# Steppingstone Museum



## MuseumWood (Mar 6, 2010)

Blame ACP for this:laughing:, he asked me about Steppingstone Museum! SSM started as a private collection that expanded to about anything from 1860 to 1930! The Museum is staffed by one paid Executive Director and about 200 volunteers! I am lucky to be a Shop Master in the Woodworking Shop where I teach, demonstrate, care for the collection and sometimes even get to make sawdust and shavings - the old fashioned way! We appeared in Tools of the Trade Magazine a few years ago.

We have part of the collection displayed as a shop that could support a framer, jointer, cabinet maker and a woodwright. The collection is primarily hand tools but we have a pedal lathe, treadle table saw (Yeah! Takes 3 people to run it!) and a treadle scroll saw on the floor. Presently, we have a good part of the planes out, including hollows and rounds, filletsters, moulding planes and a good selection of bench planes. Jointers, Fores, Jacks and Smoothers galore!

We do outreach by going to local elementary schools. My thing is using a shaving horse, draw knife, froe, club and auger to turn an 18" log into a three legged stool in about half hour (on a good day!). Check out www.bookofdreamsproject.org for a project we did.

Always happy to bend an ear about Harford County's best kept secret!:thumbsup:


----------



## ACP (Jan 24, 2009)

Yes, I'll take the blame. That sounds like a place I could volunteer all day every day. I would love to see some of the old woodworking tools. Those treadle tools and the old hand planes would be great. Gotta get yourself a newer camera though. I don't think these will upload the photos too well....
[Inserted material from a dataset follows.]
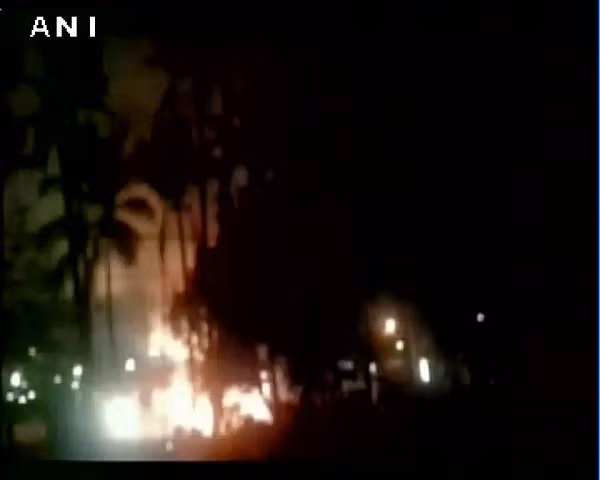 Theo Indian Express, nguyên nhân vụ hỏa hoạn kinh hoàng có thể là do người dân đốt pháo hoa trong buổi lễ.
No, you said 35mm, not flashpowder. Seriously though, it sounds great. If I ever find myself NE I'll have to stop in.


----------



## MuseumWood (Mar 6, 2010)

If you give me warning I can lay on the 75 cent tour for you. Wade


----------



## MuseumWood (Mar 6, 2010)

Highland Woodworking has an e-newsletter. We did an article for it, with photos. If you go to their site you might be able to find it. They set it up with a tour effect. Pretty good! Tools of the Trade magazine had a picture of the shop round about 2005.


----------